How is the CIMT different from a Treadmill Stress Test?

Stress tests have been used for decades in the assessment of coronary artery obstruction or blockage. These tests are useful to sort out symptoms, especially when attempting to determine whether chest pain or shortness of breath is related to coronary artery atherosclerosis. 

Stress tests, however, are not good at detecting early atherosclerosis that isn’t blocking blood flow.  Plaque that is new and unstable may not block flow but could rupture and cause a clot to suddenly and completely block flow and result in a heart attack. 

It is not rare for a person to pass a stress test and have a heart attack a short time later. 

Despite these facts, stress tests continue to be used to reassure patients that they are “OK.”  A negative stress test means you aren’t going to be helped by a stent or surgery to address blockage.  It does not truly reassure that no atherosclerotic plaque is present.  A false sense of reassurance can be bad.

Carotid Intima Media Thickness (CIMT) identifies the earliest stages of atherosclerosis.  This is important because when you know you have a disease and are given the tools to prevent its progression, you can avoid the complications of late stage disease, including death and disability without warning.  You can also avoid the costs and complications of expensive and invasive treatments.

To sort out symptoms that could be related to your coronary arteries, a stress test is helpful. But to determine if you should take measures to improve your arterial health to avoid heart attack or stroke and their complications and treatments, Carotid IMT is far more useful. 

CIMT is also less expensive, less time consuming and does not require effort to be evaluated. 


I had a coronary calcium score.
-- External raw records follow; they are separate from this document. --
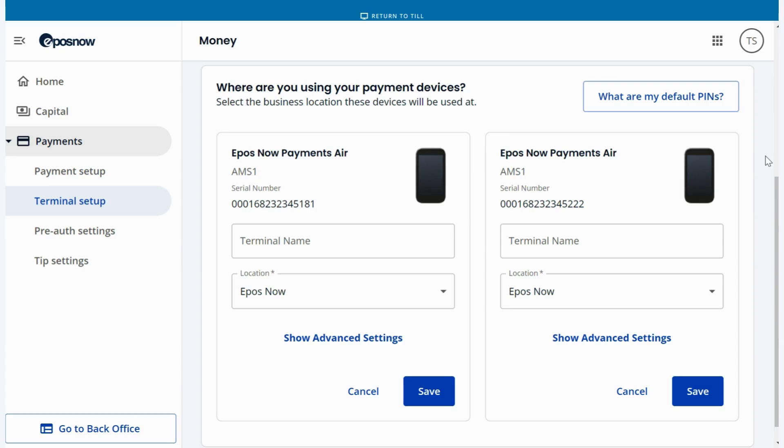Once your location is connected, it should land on the EPOSNOW screen with settings and transactions. Now let's come back to your TIL or the device you are using to make payments and transactions.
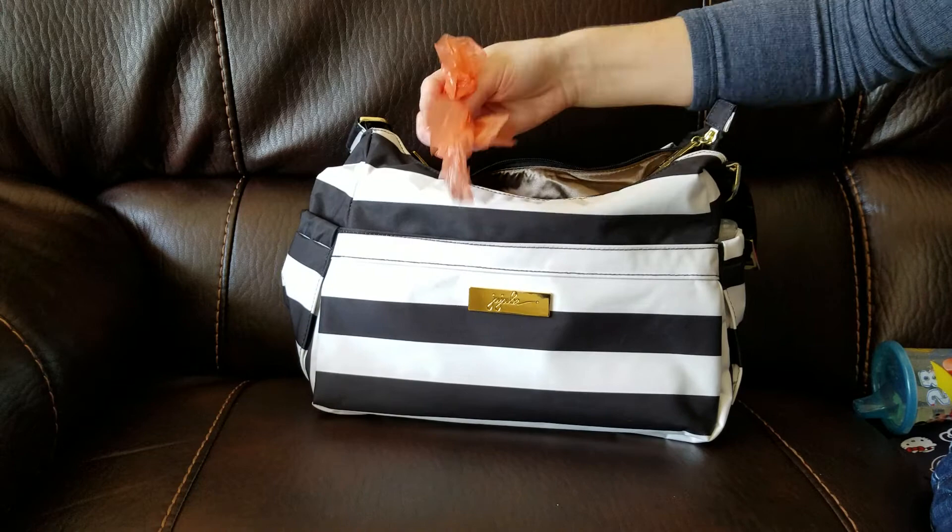And I believe that is it for the bag. I really love the Hobo Bee in this print — I think it is gorgeous. Thanks for watching.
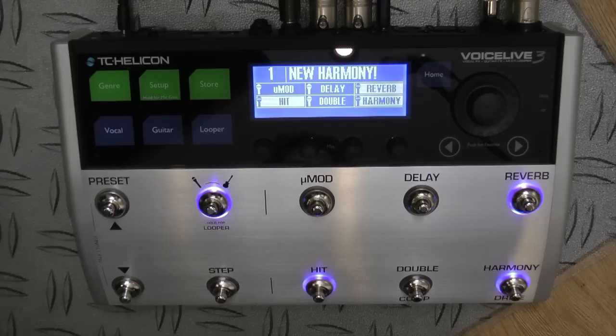Hi everyone, my name is James Ivey and I'm delighted to be here to show you around this thing down at my feet. This is the new Voice Live 3 by TC Helicon. This thing is absolutely incredible. If you're familiar with previous versions of Voice Live, this is a whole new beast — they've literally picked up the ball, run with it, and sent it somewhere off into the next field.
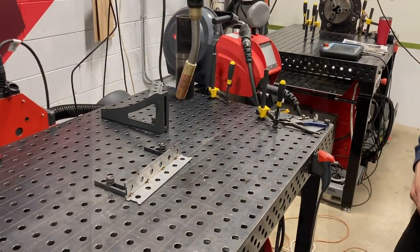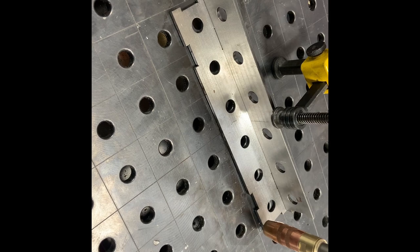Even if your edge is slightly moved, the edge detect will come down, find the distance that it was moved, and apply that variable to your weld so that your weld can stay in the weld joint.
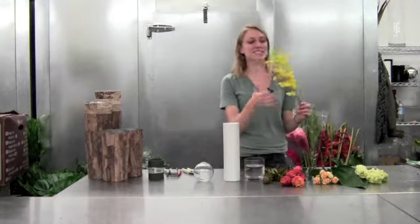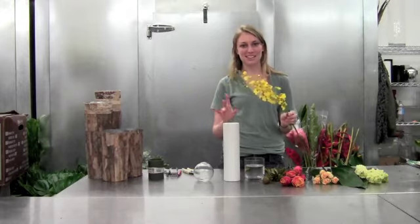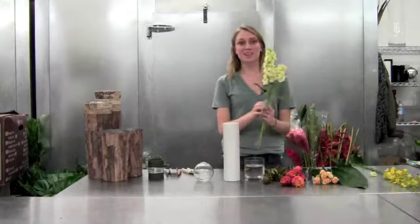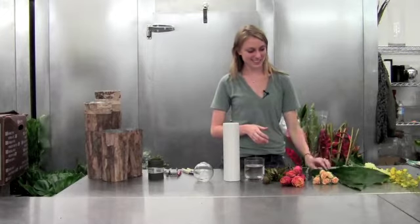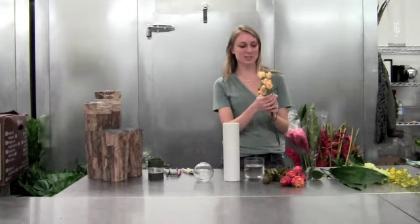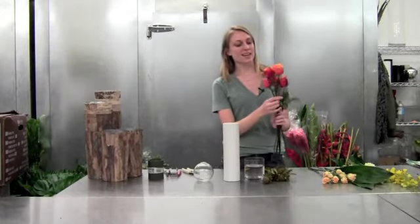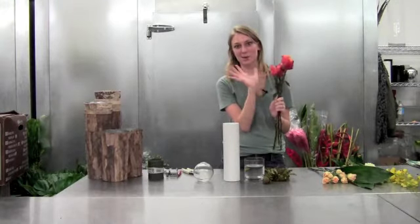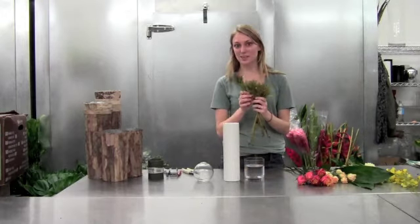We have some oncidium orchids, which are really soft and flirty — they'll be perfect on a large arrangement. Some yellow stock, aspidistra, some nice creamy peachy spray roses that are really big, and then some cherry brandy roses, which are beautiful. They start red and then open yellow, and leucadendron.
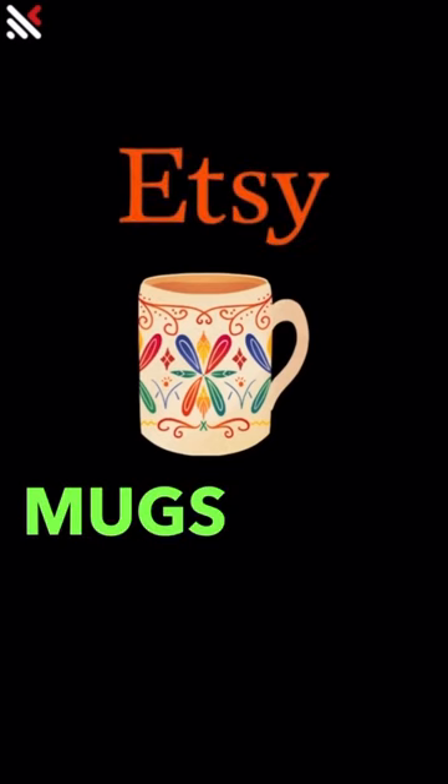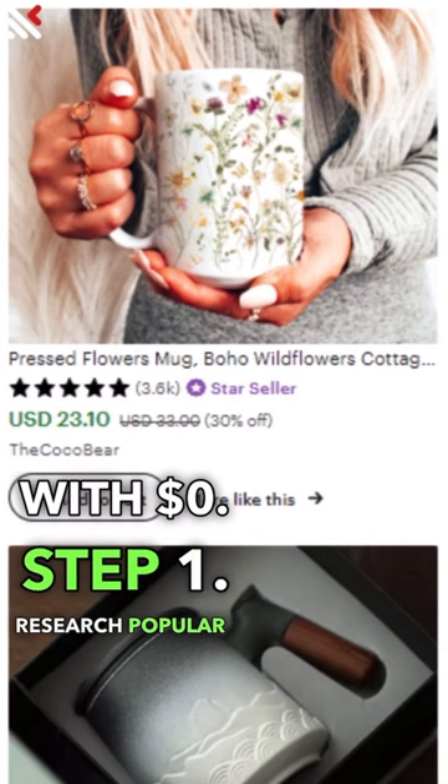Here is how you can start earning from Etsy selling mugs with $0. Step 1: Research popular mug designs and trends.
Should I have a Carotid Intima Media Thickness too?

In other words, does a coronary calcium score and a Carotid Intima Media Thickness (CIMT) scan give the same information? 

Although they both detect atherosclerosis, they do so at different stages of disease.  Costs for both tests in our community are comparable, and the CIMT scan is far more portable.

In addition, I have 2 concerns with coronary calcium score.  First, it is not useful for measuring the effects of treatment.  Without going into great detail, it does not improve when artery health improves because calcium deposition occurs late in the development of plaque and will not decrease with treatment.  It represents old scar. 

The second concern is that early, new, soft, non-calcified, dangerous unstable plaque is not detected because it has not yet become calcified.  A test that misses the most dangerous form of the disease is not as useful as one would hope.

The Carotid Intima Media Thickness Scan detects plaque at all stages, including the more dangerous non-calcified plaque mentioned above.

Granted, it is a surrogate sample measurement used to measure atherosclerosis generally.  It does not look directly at the arteries supplying the heart. 

But if you have plaque in your carotid arteries, you should assume you have plaque elsewhere, including the coronaries.  Treatment that improves the carotid artery health improves arterial health generally. 

And improvement (or progression) can be measured and documented.  The effects of treatment to reduce atherosclerotic burden can be seen.  If improvement isn’t seen as expected, treatment can be adjusted. 

Coronary calcium score is not useful for serial measurement of atherosclerosis development.

At the Center for Prevention of Heart Attack & Stroke, we do CIMT first.  If no disease is detected in an individual where it is expected due to a high risk profile, coronary calcium score is a consideration to be more sure the coronaries are not diseased before the carotids.  

I hope you found this answer helpful!